Andrés Nocioni anunció hoy en una carta su retiro como basquetbolista profesional una vez que finalice la actual temporada en la que representa al Real Madrid de España.

El santafesino, que en noviembre cumplirá 38 años, comenzó a jugar al básquet en el club Ceci de Gálvez cuando apenas tenía 6 años. Su vasta carrera incluyó 12 clubes que fueron Racing Club (1995-1996), Olimpia de Venado Tuerto (1996-1997), Independiente de General Pico (1997-1999),
Tau Cerámica (1999-2000), Bàsquet Manresa (2000-2001), Tau Cerámica (2001-2004), Chicago Bulls (2004-2009), Sacramento Kings (2009-2010), Philadelphia 76ers (2010-2012), Peñarol de Mar del Plata (a préstamo para el Súper 8 de 2011), Caja Laboral Baskonia (2012-2014 )
y desde 2014 hasta la actualidad el Real Madrid.

No obstante, el “Chapu” formó parte de la generación dorada del basquet argentino consiguiendo junto a Emanuel Ginóbili,  Alejandro Montecchia, Fabricio Oberto, Carlos Delfino, Leonardo Gutierrez, Walter Herrmann, Rubén Wolkowyski, Gabriel Fernández,  Juan Ignacio Sánchez, Luis Scola y Hugo Sconochini.

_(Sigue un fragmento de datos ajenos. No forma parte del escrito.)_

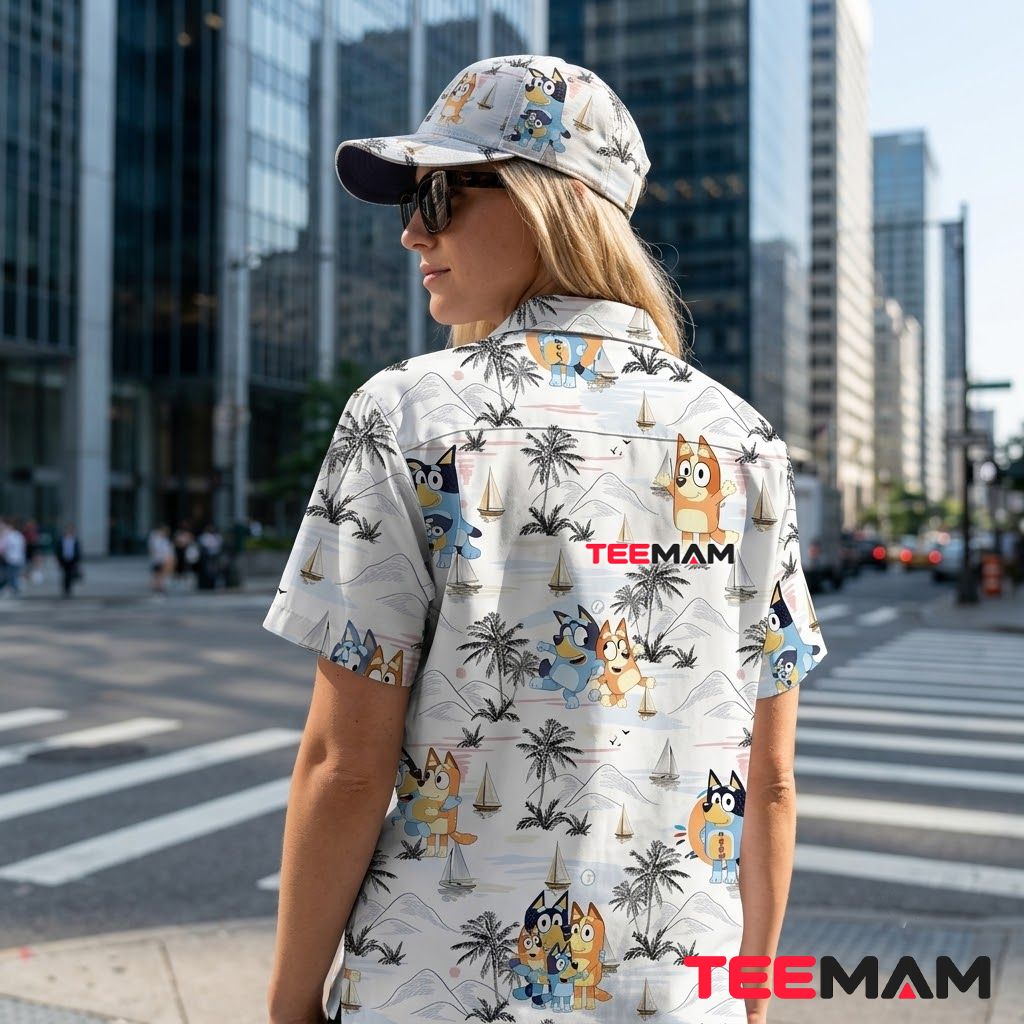 Bluey Hawaiian Shirt Family Sailboat White Print Version 3 Bluey Hawaiian Shirt Family Sailboat White Print Version 3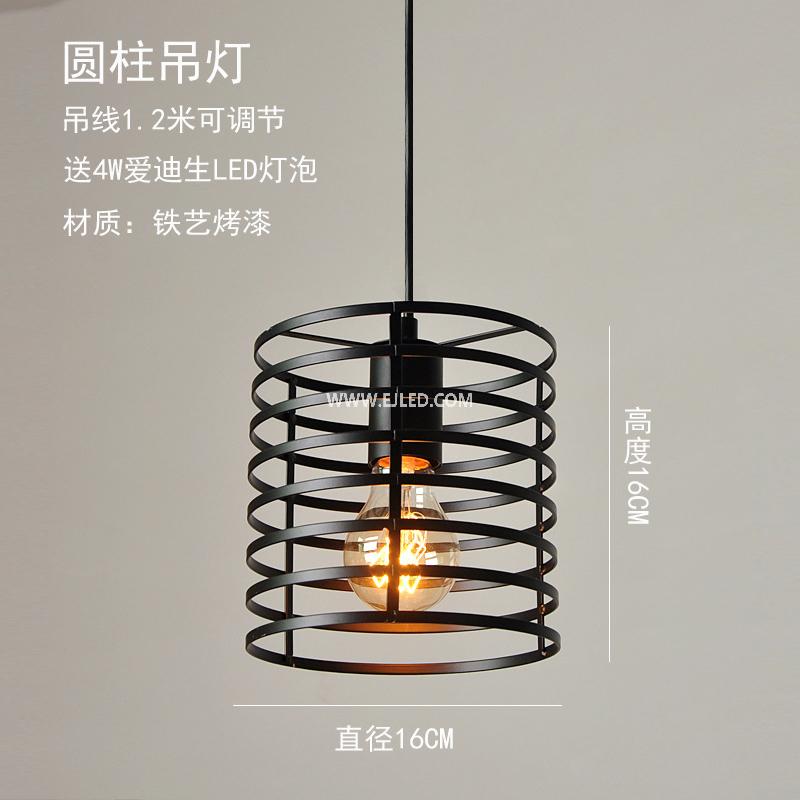 This cylindrical pendant light distinguishes itself with a unique spring coil design, crafted from black-finished iron. Its single, exposed lamp holder provides direct illumination while making the bulb a visual feature. - view 5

En la carta de despedida, Nocioni escribió frases como “Viví como jugué. Fui siempre honesto y entregué mi corazón en cada club en el que estuve; todos los días, todas las prácticas, todos los partidos. Dejo el básquet de la manera en que yo quiero dejarlo: compitiendo en el más alto nivel de Europa y en un club de máxima jerarquía mundial”.

 

“En el camino he cumplido muchísimos sueños. Sueños que ni me imaginaba concretar cuando comencé a jugar en el Ceci de Gálvez. Yo tenía como aspiración máxima llegar a Europa y no solo lo concreté sino que además sumé una etapa en la NBA. No quiero ponerme nostálgico en esta carta, pero es imposible no mirar en retrospectiva y sorprenderme tirando en un arito todo roto de mi ciudad. Llegué más lejos de lo que esperaba. Compartí camiseta con alguno de los mejores jugadores del mundo. Y me enfrenté a muchos otros de los que veía en fotos. Me descubrí en lo más alto de un podio olímpico con la camiseta que más quise, en una tarde que jamás olvidaré. Grité, sufrí, festejé, lloré: crecí. Nunca me entregué. Ni en los peores momentos, que por supuesto también los tuve”.